DISCRIMINATED RANGES

NB: this idea is kind of interesting in the context of using exhaustive pattern matching to define queries, but not at all necessary.

Another way to think about ranges of intervals is as a disjoint union, or tagged sum. From this perspective, overlapping intervals shouldn't be collapsed:

// [0,50) + [50,100) ->
[{ gte: 0, lt: 50 }, { gte: 50, lt: 100 }]

This is distinct from the an undiscriminated union, where overlapping intervals may be unioned together:

// [0,50) | [50,100) ->
{ gte: 0, lt: 100 }

Discriminated ranges are equivalent to their undiscrimated counterparts when no intervals overlap. This is reflected within the data structure:

// discriminated range:
// [0,50) + (50,100) ->
[{ gte: 0, lt: 50 }, { gt: 50, lt: 100 }]

// undiscriminated range (completely identical):
// [0,50) | (50,100) ->
[{ gte: 0, lt: 50 }, { gt: 50, lt: 100 }]

Thus, discriminated ranges are information-preserving, allowing for properties like the ability to use exhaustive pattern matching to author queries.

They are also useful when thinking about string ranges as a limited form of regexp. For example, imagine a tuple path syntax like so:

path('/foo/bar/{:number}/{+:any}')

This might compiled down to the interval:

{
  gte: bw.encode([ 'foo', 'bar', bw.sort.number.LOWER, bw.sort.any.LOWER ]),
  lte: bw.encode([ 'foo', 'bar', bw.sort.number.UPPER, bw.sort.any.UPPER ])
}

This could also allow trailing component quantification:

path('/foo/bar/{:number}/{*:any}')

This just denotes any trailing component as optional:

{
  gte: bw.encode([ 'foo', 'bar', bw.sort.number.LOWER ]),
  lte: bw.encode([ 'foo', 'bar', bw.sort.number.UPPER, bw.sort.any.UPPER ])
}

The above quantifiers only sensible for lexicographically sorted arrays. More powerful would be length-prefixed lists (tuples), which would sort in shortlex order (first by length, then componentwise). This would allow alternative forms of quantification:

// NB: '@' prefix represents short-lex array in below examples in lieu of a real syntax
path('@/foo/baz/{:number}/{2:any}')

This just says the /foo/bar/<number> component must be followed by exactly 2 additional components. Another way of saying this would be:

path('@/foo/baz/{:number}/{:any}/{:any}')
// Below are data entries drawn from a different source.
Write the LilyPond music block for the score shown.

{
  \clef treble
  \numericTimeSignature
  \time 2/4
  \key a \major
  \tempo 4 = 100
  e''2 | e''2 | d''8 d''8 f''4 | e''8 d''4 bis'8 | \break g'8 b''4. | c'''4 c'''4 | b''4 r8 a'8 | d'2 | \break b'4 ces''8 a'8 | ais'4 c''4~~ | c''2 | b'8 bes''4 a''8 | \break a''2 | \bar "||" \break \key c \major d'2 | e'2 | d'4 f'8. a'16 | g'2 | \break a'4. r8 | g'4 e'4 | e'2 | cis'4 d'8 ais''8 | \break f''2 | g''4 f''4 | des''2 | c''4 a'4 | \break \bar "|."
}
This can only be compiled down into a single contiguous interval over short-lex ordered structures:

// NB: `bw.tuple` intended to represent arrays encoded with length as prefix
{
  gte: bw.tuple('foo', 'baz', bw.sort.number.LOWER, bw.sort.any.LOWER, bw.sort.any.LOWER),
  lte: bw.tuple('foo', 'baz', bw.sort.number.UPPER, bw.sort.any.UPPER, bw.sort.any.UPPER)
}

This ordering would also allow Individual components to be further refined:

path('@/foo/baz/{:number[0,12]}/{:number(0,100)}/:string')

Assuming the existence of some type-specific epsilon functions necessary for opening and closing inner intervals:

{
  gte: bw.tuple('foo', 'baz', 0, bw.sort.number.above(0), bw.sort.string.LOWER),
  lte: bw.tuple('foo', 'baz', 12, bw.sort.number.below(100), bw.sort.string.UPPER)
}

Exact and string-prefixed matches can also be reliably generated:

path('@/foo/baz/{:number[10]}/{:string[abc_[A-Z]])}/:string(bar.+)')
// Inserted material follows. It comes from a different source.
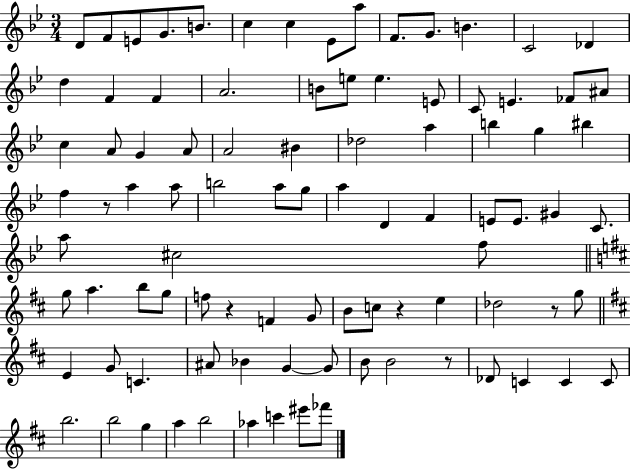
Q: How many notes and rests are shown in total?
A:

This might look something like:

{
  gte: bw.tuple('foo', 'baz', 10, 'abc_A', bw.sort.string.next('bar'))),
  lte: bw.tuple('foo', 'baz', 10, 'abc_Z', bw.sort.string.above(bw.sort.string.next('bar')))
}

The string epsilon fn next would just concatenate the list separator (a null byte). String searches are analagous to some (small) subset of prefix-rooted regular expressions.

This would also require some codepoint-specific helpers to generate 'abc_A', 'abc_Z', e.g. something like sort.string.concat('abc_A', sort.string.below(sort.string.range('A', 'C'))). Ideally the underlying API would be designed in a way that supports a direct, obvious desugaring from the kind of range refinement syntax described above.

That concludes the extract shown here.